Pouco a pouco, Elena perdeu o quarto, o acesso a certas despesas e até o direito de conversar livremente com Sergio quando Carmen estava presente.
— Por que você não me contou nada?
Elena baixou os olhos.
— Eu tentei.
Ela mostrou-lhe várias mensagens que nunca tinham recebido resposta.
Sergio percebeu imediatamente o problema.
Algumas delas nunca haviam chegado até ele.
Na manhã seguinte, ele ainda não confrontou a mãe.
Continuou com o seu plano.
À mesa, Carmen voltou a falar dos supostos 380 mil euros.
— Com esse dinheiro, finalmente poderíamos terminar a casa.
Sergio pousou tranquilamente a sua xícara.
— Claro.
Depois perguntou:
— E os 92 mil euros que eu já enviei?
O silêncio tomou conta da sala.
Lucía foi a primeira a responder.
— Está tudo na casa.
Sergio olhou ao redor.
A reforma realmente existia.
Mas não custava aquele valor.
Então ele tirou a primeira cópia com a sua assinatura falsificada.
O rosto de Carmen mudou.
— Onde você encontrou isso?
Sergio entendeu imediatamente.
Ela não tinha perguntado o que era.
Tinha perguntado onde ele havia encontrado.
Ele se levantou.
— Elena, prepare as suas coisas.
Carmen bateu com a mão na mesa.
— Você vai escolher essa mulher em vez da sua própria família?
Sergio virou-se para ela.
— Minha esposa doente estava dormindo num depósito enquanto vocês gastavam o dinheiro que eu enviava para o nosso lar.
Lucía tentou intervir.
Mas Sergio já havia chamado um táxi.
Ele levou Elena diretamente ao hospital.
Os médicos confirmaram que ela precisava de acompanhamento médico sério e, acima de tudo, de um ambiente estável durante o tratamento.
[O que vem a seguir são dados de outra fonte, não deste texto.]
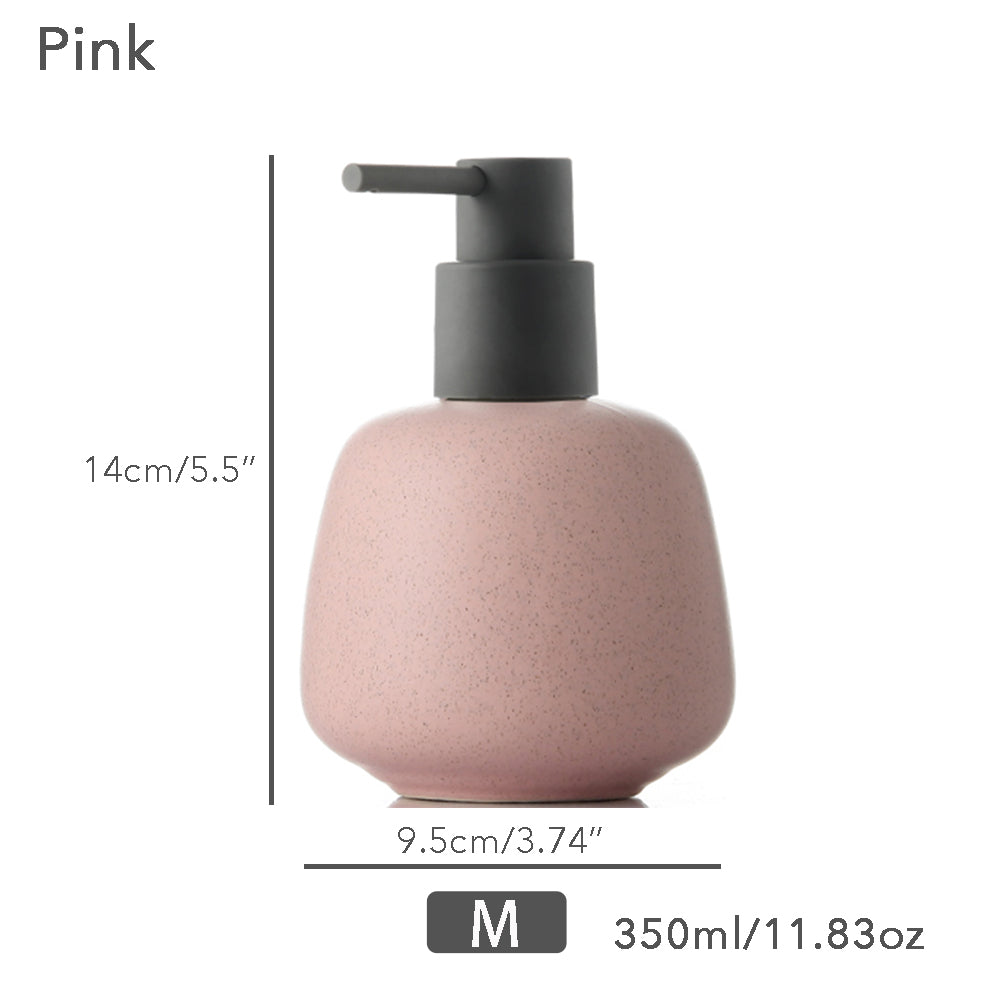 Keramischer Seifenspender, Flüssigkeitsbadflasche, einfaches Design, nachfüllbare wiederverwendbare Lotionpumpe für Badezimmer Küche, 350ml/11,83oz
Mas a história não terminou ali.
Dois dias depois, Sergio voltou para buscar os pertences de Elena.
No depósito, atrás de uma velha lata de tinta, encontrou um segundo envelope.
Desta vez, a letra era a do seu pai, que havia falecido alguns anos antes.
A carta era dirigida a Sergio.
Nela, seu pai explicava que havia descoberto, antes de morrer, que Carmen começara a transferir alguns bens da família e temia que, um dia, ela usasse o próprio filho como fonte de dinheiro.
A última frase abalou Sergio:
«Se um dia alguém que você ama se tornar um estranho dentro da sua própria casa, descubra primeiro quem está se beneficiando do silêncio dessa pessoa.»
Sergio ficou muito tempo sentado sobre o velho colchão de Elena.
Finalmente compreendia que o problema não havia começado com a doença.
A doença apenas tornara Elena vulnerável demais para continuar resistindo.
As semanas seguintes foram difíceis.
As contas foram analisadas, os documentos contestados e várias movimentações financeiras tiveram de ser explicadas.
Sergio não recuperou magicamente tudo o que havia sido gasto.
Elena também não ficou curada de um dia para o outro.
O tratamento continuou.
Havia dias melhores e outros mais difíceis.
Mas ela nunca mais voltou a dormir naquele depósito.
Alguns meses depois, Sergio acompanhou-a a uma consulta.
Ao sair do hospital, Elena parou diante de uma vitrine.
Seus cabelos começavam lentamente a crescer novamente.
Ela tocou a cabeça e sorriu.
— Sabe do que eu sinto menos falta?
— Do quê?
— Dessa casa.
Sergio segurou a mão dela.
Ele havia passado quatro anos enviando dinheiro para construir um lar.
Foram necessários apenas alguns minutos atrás daquela casa para que entendesse uma verdade muito mais simples:
um lar não é o lugar pelo qual se paga, mas aquele onde ninguém precisa sofrer em silêncio para ter o direito de permanecer.